General Lab Information

PHOBOS and BRAHMS Detectors

PHOBOS Detector

PHOBOS

The PHOBOS experiment was based on the premise that interesting collisions are rare, but that when they do occur, new physics are readily identified. Thus the PHOBOS detector was designed to examine and analyze a very large number of unselected gold ion collisions. For each collision, the detector gives a global picture of the consequences of the collision and detailed information about a small subset of the nuclear fragments ejected from the high energy-density region.

PHOBOS consisted of many silicon detectors surrounding the interaction region. With these detectors, physicists are able to count the total number of produced particles and study their angular distribution. With this array they look for unusual events, such as fluctuations in the number of particles or angular distribution. Physicists know from other branches of science that a characteristic of phase transitions is a fluctuation in observable events. In order to obtain more detailed information about these events, the PHOBOS detector also has two high-quality magnetic spectrometers which will study one percent of the produced particles in detail.

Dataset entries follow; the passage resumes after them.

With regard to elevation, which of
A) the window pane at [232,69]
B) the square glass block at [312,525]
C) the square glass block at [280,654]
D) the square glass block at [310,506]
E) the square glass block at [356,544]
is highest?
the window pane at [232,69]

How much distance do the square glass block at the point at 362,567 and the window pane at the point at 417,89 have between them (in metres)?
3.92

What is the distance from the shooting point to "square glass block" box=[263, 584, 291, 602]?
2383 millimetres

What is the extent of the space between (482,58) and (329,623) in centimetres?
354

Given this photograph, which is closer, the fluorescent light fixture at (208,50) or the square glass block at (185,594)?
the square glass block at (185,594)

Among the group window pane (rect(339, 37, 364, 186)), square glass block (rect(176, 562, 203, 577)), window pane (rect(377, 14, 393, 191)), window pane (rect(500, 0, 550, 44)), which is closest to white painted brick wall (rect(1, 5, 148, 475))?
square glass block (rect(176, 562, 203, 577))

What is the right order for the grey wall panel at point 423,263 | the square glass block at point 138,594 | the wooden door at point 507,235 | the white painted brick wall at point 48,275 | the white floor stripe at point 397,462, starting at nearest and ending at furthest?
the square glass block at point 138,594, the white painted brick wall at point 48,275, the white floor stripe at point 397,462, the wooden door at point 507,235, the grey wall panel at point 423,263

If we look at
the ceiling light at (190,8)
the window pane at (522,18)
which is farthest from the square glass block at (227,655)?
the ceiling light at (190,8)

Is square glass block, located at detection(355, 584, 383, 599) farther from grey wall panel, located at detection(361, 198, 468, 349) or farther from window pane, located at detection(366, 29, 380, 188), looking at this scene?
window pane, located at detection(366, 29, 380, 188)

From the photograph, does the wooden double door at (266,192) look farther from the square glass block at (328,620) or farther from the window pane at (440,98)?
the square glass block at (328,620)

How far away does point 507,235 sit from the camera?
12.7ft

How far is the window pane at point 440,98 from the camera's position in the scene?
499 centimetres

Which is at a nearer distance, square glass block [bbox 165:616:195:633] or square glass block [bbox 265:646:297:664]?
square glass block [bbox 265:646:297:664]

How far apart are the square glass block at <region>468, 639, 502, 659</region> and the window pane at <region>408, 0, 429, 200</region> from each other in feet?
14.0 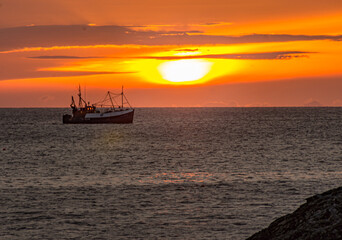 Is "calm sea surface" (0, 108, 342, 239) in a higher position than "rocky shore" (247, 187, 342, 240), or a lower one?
lower

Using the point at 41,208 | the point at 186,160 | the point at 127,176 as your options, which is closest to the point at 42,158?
the point at 186,160

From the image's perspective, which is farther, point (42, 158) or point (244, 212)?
point (42, 158)

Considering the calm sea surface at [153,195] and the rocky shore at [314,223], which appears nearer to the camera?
the rocky shore at [314,223]

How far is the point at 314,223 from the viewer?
474 inches

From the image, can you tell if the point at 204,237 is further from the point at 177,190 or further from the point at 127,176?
the point at 127,176

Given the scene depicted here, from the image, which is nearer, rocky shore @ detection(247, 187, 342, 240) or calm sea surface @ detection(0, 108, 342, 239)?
rocky shore @ detection(247, 187, 342, 240)

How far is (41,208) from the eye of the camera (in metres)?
32.5

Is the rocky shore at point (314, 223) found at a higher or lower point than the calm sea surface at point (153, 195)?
higher

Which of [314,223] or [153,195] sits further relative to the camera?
[153,195]

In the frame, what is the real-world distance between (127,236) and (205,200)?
32.5ft

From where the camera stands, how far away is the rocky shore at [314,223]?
11385 mm

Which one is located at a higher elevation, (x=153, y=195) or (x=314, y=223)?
(x=314, y=223)

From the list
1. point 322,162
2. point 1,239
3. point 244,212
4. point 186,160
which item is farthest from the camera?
point 186,160

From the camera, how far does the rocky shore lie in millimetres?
11385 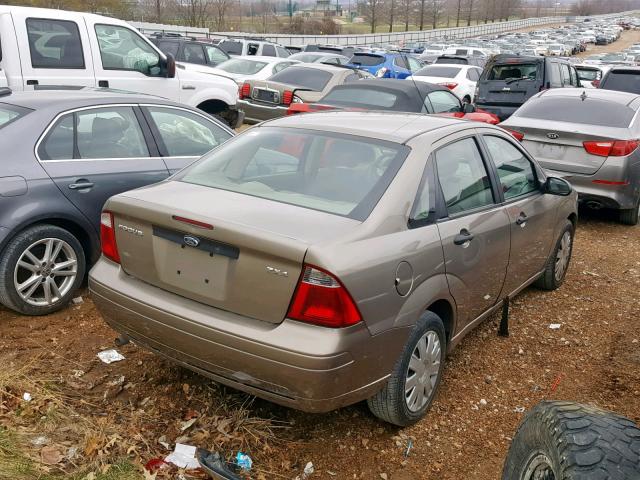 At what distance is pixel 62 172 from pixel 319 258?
2.67 meters

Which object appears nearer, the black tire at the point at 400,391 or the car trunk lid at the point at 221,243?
the car trunk lid at the point at 221,243

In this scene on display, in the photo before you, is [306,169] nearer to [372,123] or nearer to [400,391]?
[372,123]

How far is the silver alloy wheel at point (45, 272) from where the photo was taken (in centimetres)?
439

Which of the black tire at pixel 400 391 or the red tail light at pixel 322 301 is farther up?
the red tail light at pixel 322 301

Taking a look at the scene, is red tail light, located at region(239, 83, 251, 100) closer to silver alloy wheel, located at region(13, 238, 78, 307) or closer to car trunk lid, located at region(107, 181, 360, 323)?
silver alloy wheel, located at region(13, 238, 78, 307)

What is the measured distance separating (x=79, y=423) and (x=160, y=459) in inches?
20.4

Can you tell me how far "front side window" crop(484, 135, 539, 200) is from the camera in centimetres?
436

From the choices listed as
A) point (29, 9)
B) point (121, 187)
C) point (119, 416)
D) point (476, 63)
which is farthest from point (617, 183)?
point (476, 63)

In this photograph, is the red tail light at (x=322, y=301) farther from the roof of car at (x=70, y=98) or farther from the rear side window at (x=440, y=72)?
the rear side window at (x=440, y=72)

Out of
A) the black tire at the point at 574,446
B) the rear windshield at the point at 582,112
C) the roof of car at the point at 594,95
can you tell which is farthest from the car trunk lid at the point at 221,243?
the roof of car at the point at 594,95

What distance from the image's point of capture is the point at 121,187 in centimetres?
485

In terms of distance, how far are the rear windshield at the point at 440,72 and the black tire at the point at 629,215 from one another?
36.3ft

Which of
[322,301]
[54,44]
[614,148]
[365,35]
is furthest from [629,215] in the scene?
[365,35]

The PHOBOS detector was able to measure quantities such as the temperature, size, and density of the fireball produced in the collision. It also studied the ratios of the various particles produced. With this information it should be possible to both detect and study a phase transition that might occur between quark-gluon plasma and ordinary matter.

BRAHMS Detector

BRAHMS

The BRAHMS experiment was designed to measure charged hadrons over a wide range of rapidity and transverse momentum to study the reaction mechanisms of the relativistic heavy ion reactions at RHIC and the properties of the highly excited nuclear matter formed in these reactions. The experiment took its first data during the RHIC 2000 year run and completed data-taking in June 2006.